I’ve been a member of the MLA (Modern Language Association) for over ten years. It has rarely spoken for me. The only publication I truly look forward to is the annual Profession magazine, which is a collection of essays on the state of the profession. So I was excited to see that there were several essays on the role of the intellectual in the 21st century, including one by Julia Kristeva.
Students of mine know that I take psychoanalytic theory such as that discussed by Lacan and Kristeva seriously. But every now and again I’m reminded that I take them perhaps more seriously than I should. In a piece entitled “Thinking in Dark Times” she writes:
“Contrary to what we’re led to believe, the clash of religions is in fact merely a surface phenomenon. The problem we’re facing at the beginning of this new millennium is not one of religious wars but rather the rift that separates those who want to know that God is unconscious and those who prefer not to, so as to be pleasured by the show that announces he exists” (16).

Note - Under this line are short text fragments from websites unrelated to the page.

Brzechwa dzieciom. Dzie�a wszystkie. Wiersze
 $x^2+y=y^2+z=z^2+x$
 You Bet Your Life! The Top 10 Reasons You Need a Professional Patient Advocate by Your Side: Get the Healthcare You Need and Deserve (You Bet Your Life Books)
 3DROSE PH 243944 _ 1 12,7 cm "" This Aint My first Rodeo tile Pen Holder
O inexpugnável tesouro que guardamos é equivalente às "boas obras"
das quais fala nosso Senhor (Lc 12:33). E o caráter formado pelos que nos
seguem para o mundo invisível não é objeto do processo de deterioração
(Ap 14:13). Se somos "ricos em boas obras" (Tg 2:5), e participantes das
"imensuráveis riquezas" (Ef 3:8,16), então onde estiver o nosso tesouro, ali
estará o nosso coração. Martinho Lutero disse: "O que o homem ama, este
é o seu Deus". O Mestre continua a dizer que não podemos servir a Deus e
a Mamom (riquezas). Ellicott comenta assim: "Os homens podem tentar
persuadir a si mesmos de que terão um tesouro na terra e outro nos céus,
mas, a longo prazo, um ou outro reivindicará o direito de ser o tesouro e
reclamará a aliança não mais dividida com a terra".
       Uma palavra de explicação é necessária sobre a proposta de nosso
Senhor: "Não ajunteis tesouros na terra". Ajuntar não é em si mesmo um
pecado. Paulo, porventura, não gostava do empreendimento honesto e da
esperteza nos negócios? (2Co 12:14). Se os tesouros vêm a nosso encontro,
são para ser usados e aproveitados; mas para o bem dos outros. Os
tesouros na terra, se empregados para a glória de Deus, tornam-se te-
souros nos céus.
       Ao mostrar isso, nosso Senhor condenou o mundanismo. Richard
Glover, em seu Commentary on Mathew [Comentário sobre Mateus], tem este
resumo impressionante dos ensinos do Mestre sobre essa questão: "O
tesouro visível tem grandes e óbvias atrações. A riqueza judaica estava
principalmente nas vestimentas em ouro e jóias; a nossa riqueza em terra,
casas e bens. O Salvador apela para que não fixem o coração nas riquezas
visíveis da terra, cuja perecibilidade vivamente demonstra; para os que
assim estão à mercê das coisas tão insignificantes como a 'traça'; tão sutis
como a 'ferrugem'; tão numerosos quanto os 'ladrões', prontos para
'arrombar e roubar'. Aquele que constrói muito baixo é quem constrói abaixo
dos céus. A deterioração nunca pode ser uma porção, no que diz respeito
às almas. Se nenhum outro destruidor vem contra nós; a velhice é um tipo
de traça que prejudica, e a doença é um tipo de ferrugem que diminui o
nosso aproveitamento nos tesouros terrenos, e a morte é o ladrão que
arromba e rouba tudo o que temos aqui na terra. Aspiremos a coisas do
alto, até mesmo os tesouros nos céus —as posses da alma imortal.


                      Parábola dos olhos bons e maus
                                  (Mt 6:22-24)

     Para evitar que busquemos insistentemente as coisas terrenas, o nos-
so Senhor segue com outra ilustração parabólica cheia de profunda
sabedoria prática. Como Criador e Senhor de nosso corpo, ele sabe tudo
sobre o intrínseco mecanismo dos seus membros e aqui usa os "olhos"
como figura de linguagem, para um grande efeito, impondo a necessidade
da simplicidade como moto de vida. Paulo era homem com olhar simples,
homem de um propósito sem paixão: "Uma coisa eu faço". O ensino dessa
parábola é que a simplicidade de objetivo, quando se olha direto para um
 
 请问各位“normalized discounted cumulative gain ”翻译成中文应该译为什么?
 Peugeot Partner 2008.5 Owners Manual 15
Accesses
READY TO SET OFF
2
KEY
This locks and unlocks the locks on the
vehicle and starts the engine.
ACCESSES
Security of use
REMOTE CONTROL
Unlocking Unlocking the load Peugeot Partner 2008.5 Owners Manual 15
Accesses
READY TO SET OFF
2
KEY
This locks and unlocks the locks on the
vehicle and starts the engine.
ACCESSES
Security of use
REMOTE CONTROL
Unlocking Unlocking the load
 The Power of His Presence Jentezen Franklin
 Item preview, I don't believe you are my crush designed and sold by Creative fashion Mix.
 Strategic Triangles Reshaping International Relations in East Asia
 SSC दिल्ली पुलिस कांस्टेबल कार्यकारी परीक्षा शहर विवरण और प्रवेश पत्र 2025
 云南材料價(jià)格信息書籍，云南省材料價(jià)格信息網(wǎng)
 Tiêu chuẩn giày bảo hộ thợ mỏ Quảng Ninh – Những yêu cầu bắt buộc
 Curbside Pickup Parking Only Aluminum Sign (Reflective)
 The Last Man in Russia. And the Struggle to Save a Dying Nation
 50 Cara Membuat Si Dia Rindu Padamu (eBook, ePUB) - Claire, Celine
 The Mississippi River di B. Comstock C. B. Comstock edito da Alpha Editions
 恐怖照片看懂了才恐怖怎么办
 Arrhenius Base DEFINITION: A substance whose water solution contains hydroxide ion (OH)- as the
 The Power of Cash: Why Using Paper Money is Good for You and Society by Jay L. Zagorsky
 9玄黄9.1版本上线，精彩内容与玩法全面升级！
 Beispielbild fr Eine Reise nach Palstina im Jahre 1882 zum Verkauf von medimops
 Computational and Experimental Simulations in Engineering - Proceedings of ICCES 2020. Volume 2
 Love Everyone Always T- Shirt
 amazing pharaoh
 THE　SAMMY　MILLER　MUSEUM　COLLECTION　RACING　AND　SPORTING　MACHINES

The rest of the paragraph clearly indicates (though it’s debatable that Kristeva is ever clear) that the only place to be in this dichotomy is with those who “want to know that God is unconscious” and not with those who “prefer not to”. Now, what kind of choice is this, really? What does it mean to want to know that God is unconscious? Best I can make out, it is to believe, contra gut instincts maybe, that God is only a force in our psyches, not external to us, a force we made up that is powerful nonetheless. The second choice is to know this (perhaps in your unconscious) but to prefer not to believe it, to choose an unenlightened state, so as to receive a kind of sexual pleasure from consumer capitalism’s promise of goods “guaranteed by the promise of superior good” in an endless Lacanian god-is-the-phallus-in-the-box deferral. Quite simply, this is ridiculous. I pulled out this paragraph to discuss it with my husband (who is a philosopher), and it reminded me how often I just let this kind of reasoning sneak by me, because of the way people like Kristeva write. The fact that the MLA would publish this without hesitancy is not surprising to me. Nor am I surprised that no one in its upper echelons can see (or care about) how truly contemptuous this kind of thinking is to the “other”---in this case, people with genuine belief. We have been reduced to self-pleasuring infants who never want to grow up. And because we are infantile, it is also our fault that things like 9/11 happen. If the MLA wants to be relevant, it needs to back away from this kind of self-serving contempt.